____ Data under study

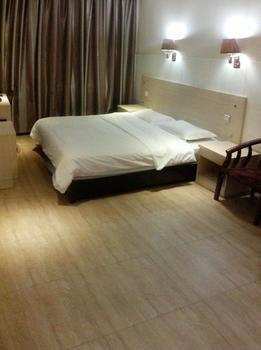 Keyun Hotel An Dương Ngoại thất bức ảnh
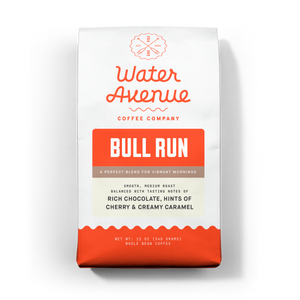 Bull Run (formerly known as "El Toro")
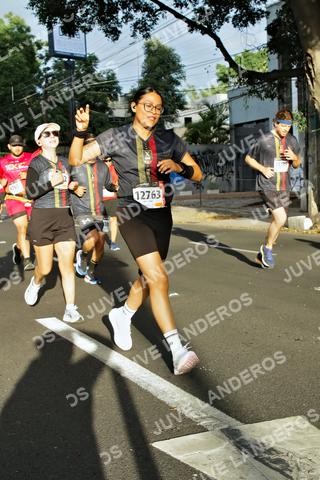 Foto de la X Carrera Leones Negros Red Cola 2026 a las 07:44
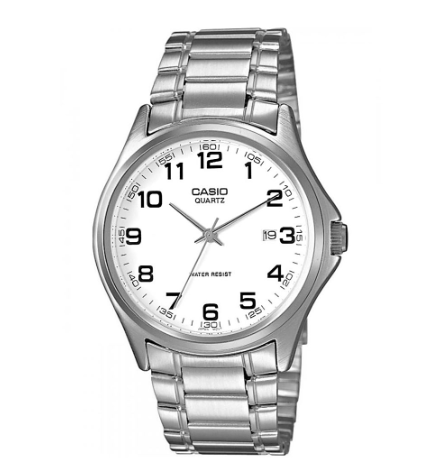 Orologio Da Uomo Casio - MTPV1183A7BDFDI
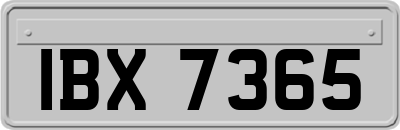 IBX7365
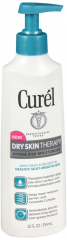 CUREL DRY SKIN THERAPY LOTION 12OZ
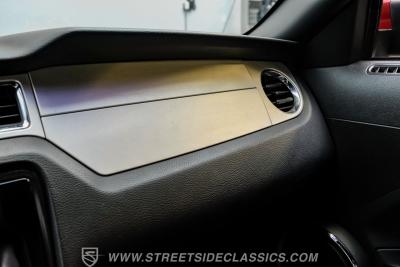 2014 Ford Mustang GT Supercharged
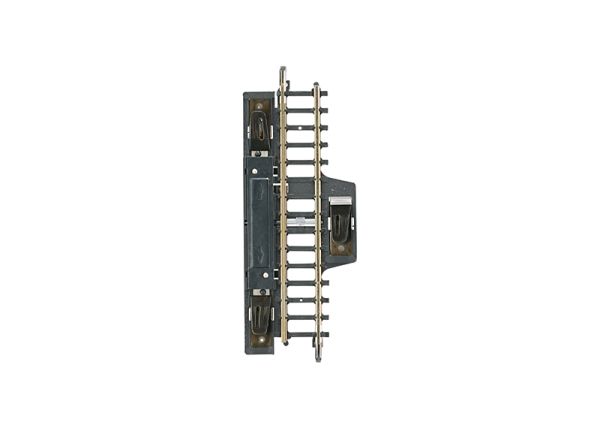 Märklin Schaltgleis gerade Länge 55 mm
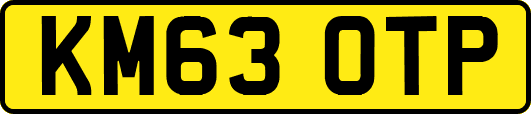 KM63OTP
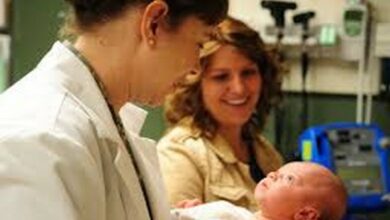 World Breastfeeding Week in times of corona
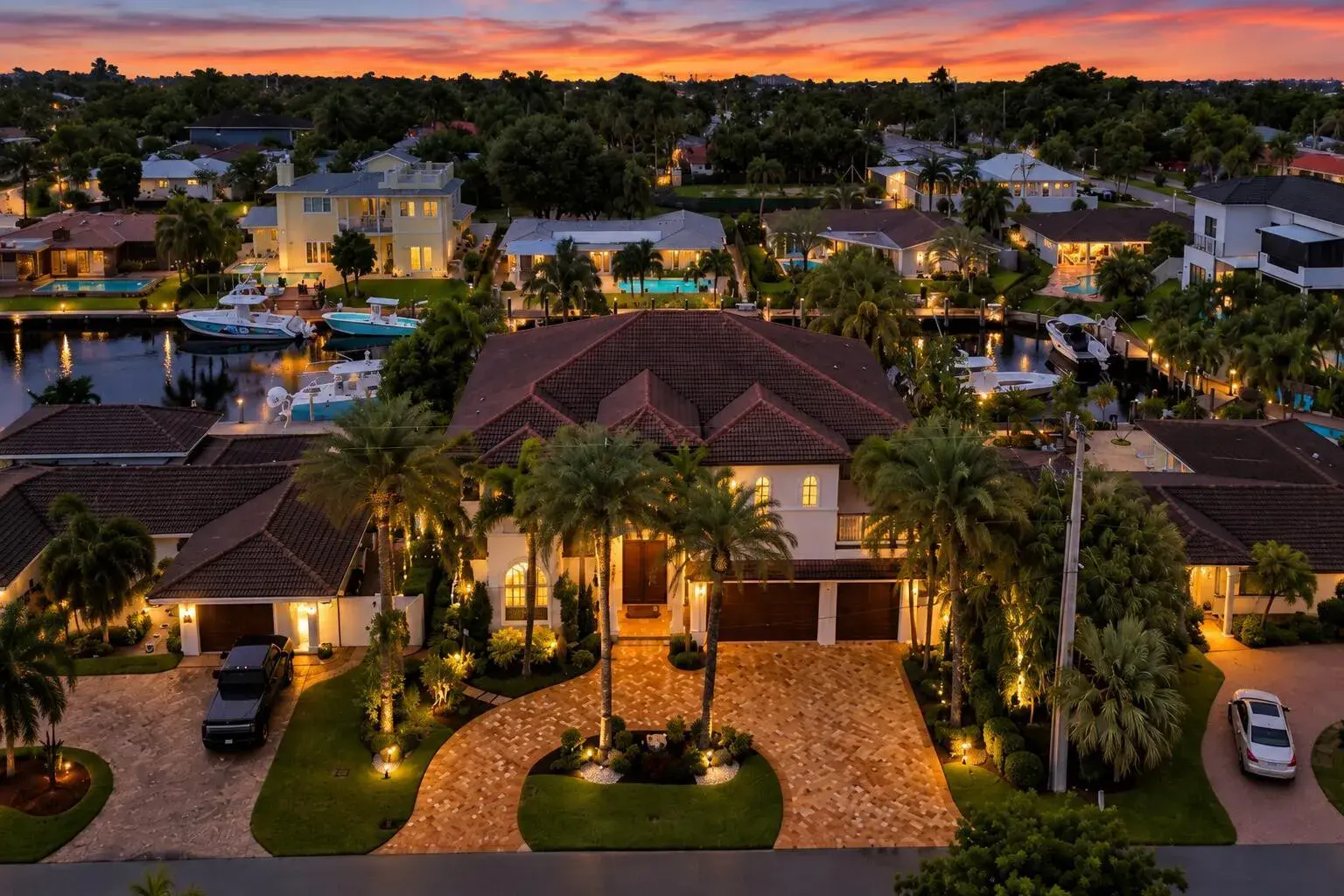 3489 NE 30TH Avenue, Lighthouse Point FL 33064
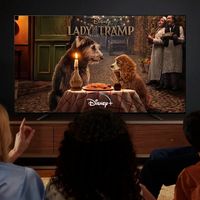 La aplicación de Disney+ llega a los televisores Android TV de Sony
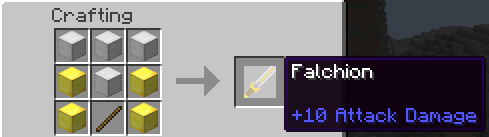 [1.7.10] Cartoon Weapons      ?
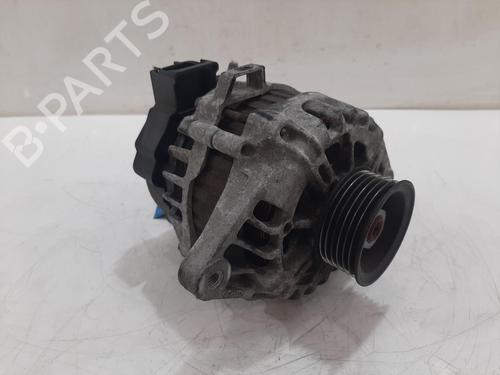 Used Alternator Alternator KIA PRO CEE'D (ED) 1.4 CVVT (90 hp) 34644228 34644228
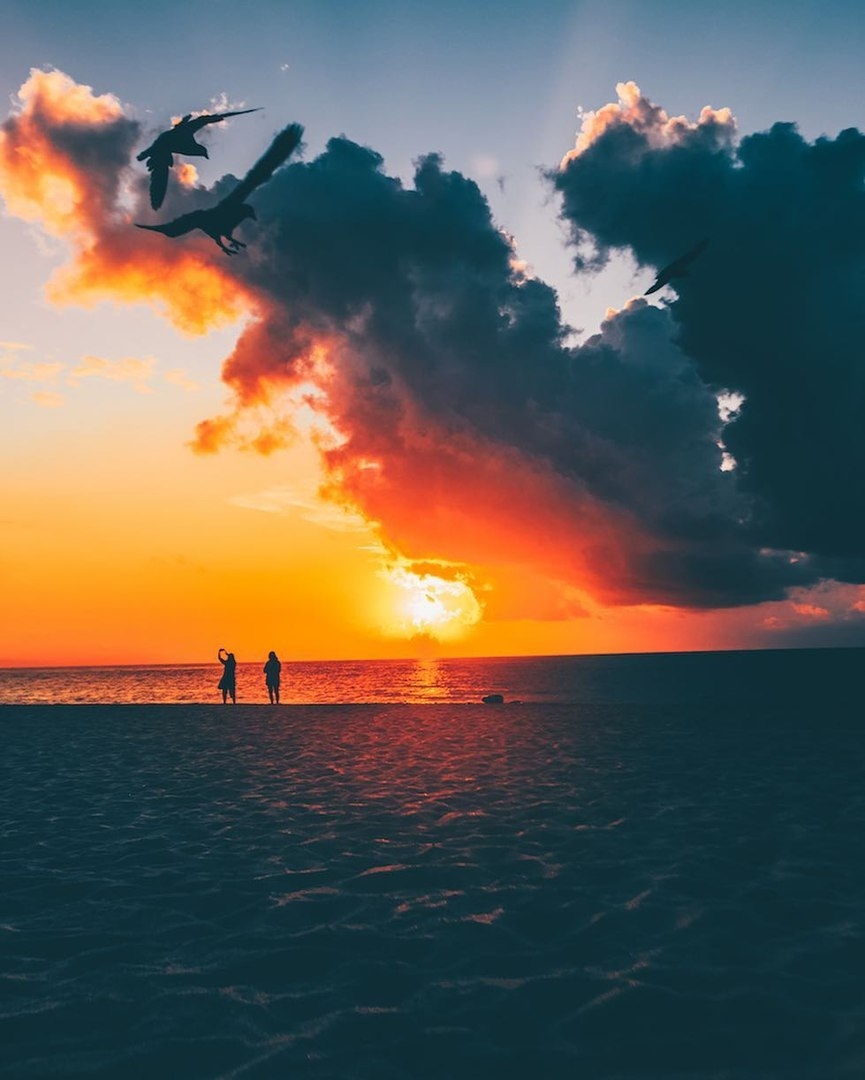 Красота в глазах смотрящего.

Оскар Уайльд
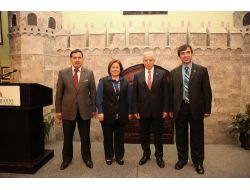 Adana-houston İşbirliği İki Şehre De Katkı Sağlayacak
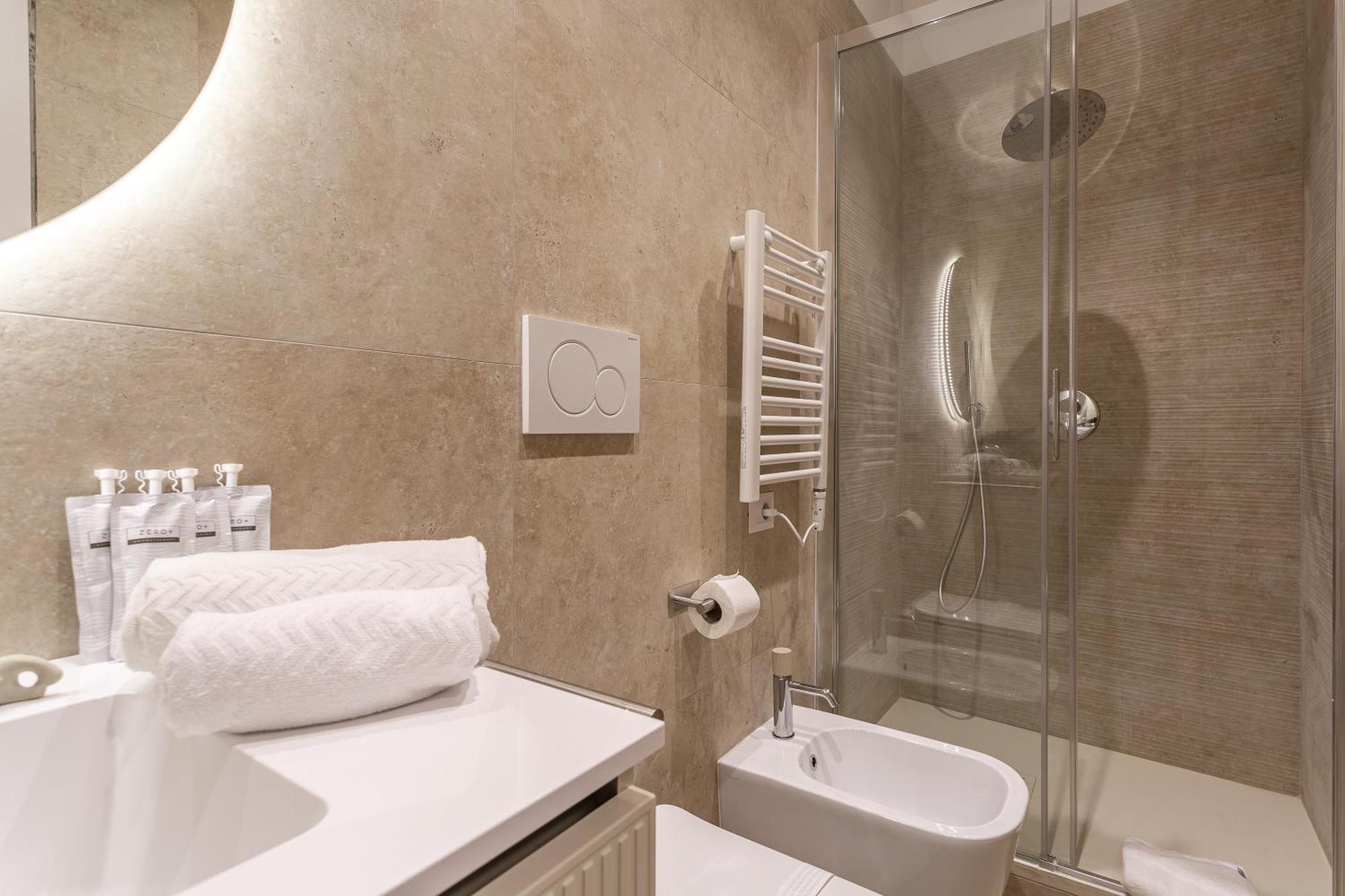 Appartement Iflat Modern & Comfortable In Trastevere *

________

Your task is an exact transcription of all the data, minus the pictures.

## Exercise solution
 Keyun Hotel An Dương Ngoại thất bức ảnh
 Bull Run (formerly known as "El Toro")
 Foto de la X Carrera Leones Negros Red Cola 2026 a las 07:44
 Orologio Da Uomo Casio - MTPV1183A7BDFDI
 IBX7365
 CUREL DRY SKIN THERAPY LOTION 12OZ
 2014 Ford Mustang GT Supercharged
 Märklin Schaltgleis gerade Länge 55 mm
 KM63OTP
 World Breastfeeding Week in times of corona
 3489 NE 30TH Avenue, Lighthouse Point FL 33064
 La aplicación de Disney+ llega a los televisores Android TV de Sony
 [1.7.10] Cartoon Weapons      ?
 Used Alternator Alternator KIA PRO CEE'D (ED) 1.4 CVVT (90 hp) 34644228 34644228
 Красота в глазах смотрящего.

Оскар Уайльд
 Adana-houston İşbirliği İki Şehre De Katkı Sağlayacak
 Appartement Iflat Modern & Comfortable In Trastevere *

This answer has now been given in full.